Your task:
Set out exactly every line of the entries below, starting at the line that holds "Un baño estrecho" and stopping after the line that holds "128 Paraggi Ct, Clayton, NC".

[Short text fragments from websites]
● ● ● ●

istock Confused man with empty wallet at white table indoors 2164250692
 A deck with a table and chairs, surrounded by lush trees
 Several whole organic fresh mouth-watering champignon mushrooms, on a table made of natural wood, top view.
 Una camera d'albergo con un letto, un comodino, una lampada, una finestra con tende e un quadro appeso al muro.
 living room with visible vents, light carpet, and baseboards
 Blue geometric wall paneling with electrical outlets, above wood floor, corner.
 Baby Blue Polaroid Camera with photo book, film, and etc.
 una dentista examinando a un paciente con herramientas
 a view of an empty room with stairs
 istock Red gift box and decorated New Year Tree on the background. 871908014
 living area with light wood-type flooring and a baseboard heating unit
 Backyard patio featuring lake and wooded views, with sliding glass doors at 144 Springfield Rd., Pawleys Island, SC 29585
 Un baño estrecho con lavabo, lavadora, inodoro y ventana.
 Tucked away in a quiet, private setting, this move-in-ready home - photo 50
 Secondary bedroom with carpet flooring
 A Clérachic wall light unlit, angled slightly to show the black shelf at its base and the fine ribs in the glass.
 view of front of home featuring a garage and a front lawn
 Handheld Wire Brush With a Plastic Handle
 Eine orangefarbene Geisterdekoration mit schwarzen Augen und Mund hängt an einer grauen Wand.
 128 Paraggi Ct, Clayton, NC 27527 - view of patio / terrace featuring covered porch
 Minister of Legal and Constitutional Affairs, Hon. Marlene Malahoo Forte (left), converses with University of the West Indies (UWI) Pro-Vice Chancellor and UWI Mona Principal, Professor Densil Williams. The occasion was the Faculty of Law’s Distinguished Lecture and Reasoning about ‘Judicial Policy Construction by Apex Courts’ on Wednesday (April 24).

● ● ● ●

Reply:
 Un baño estrecho con lavabo, lavadora, inodoro y ventana.
 Tucked away in a quiet, private setting, this move-in-ready home - photo 50
 Secondary bedroom with carpet flooring
 A Clérachic wall light unlit, angled slightly to show the black shelf at its base and the fine ribs in the glass.
 view of front of home featuring a garage and a front lawn
 Handheld Wire Brush With a Plastic Handle
 Eine orangefarbene Geisterdekoration mit schwarzen Augen und Mund hängt an einer grauen Wand.
 128 Paraggi Ct, Clayton, NC 27527 - view of patio / terrace featuring covered porch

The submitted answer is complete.